But with the Prime Minister apparently determined to press ahead with this, are we doomed to see it become a permanent feature of British politics? It certainly could. As Daniel Finkelstein writes: “Once you’ve opened the door to the cameras, which press secretary is going to be the one who shuts it?”
The pressure in favour of the cameras is certainly strong. It is very unfashionable these days to suggest that the business of an institution like the lobby is better conducted behind closed doors. It’s much the same with Parliament: it isn’t obvious that televising the Chamber has improved the quality of what goes on inside it, but Heaven help the hero who tries to turn those cameras off again.
And for all their apparent even handedness now, in the end we can expect the broadcasters to throw their weight any change which increases their importance and gives them more material, as they have with that other unhappy American transplant, televised election debates.
But the example of debates also shows us how tricky it can be to import such rituals from one system to another.

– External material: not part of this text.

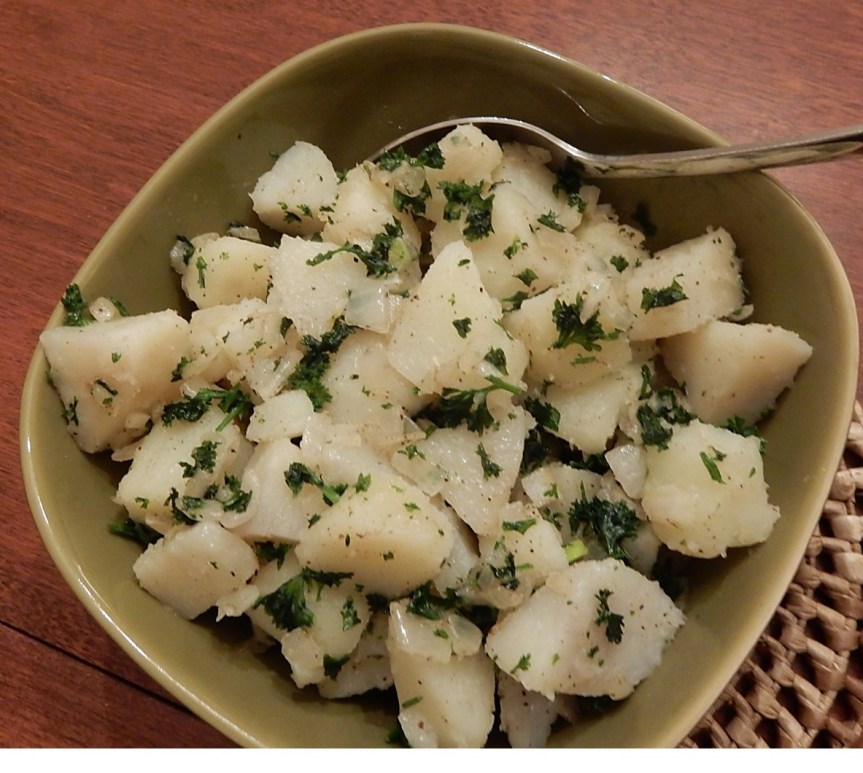 Lyonnaise Potatoes in Bowl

Whilst the format has lurched on through every general election since 2010, the reality of British multi-party politics has meant that there was no smooth standardisation of the three-leaders, three-debate format of that first contest. David Cameron, Theresa May, and even Boris Johnson have managed to fight effective rearguard actions against the format.
So the day may yet come when a future press secretary closes the door on the press briefings once again. As it should be.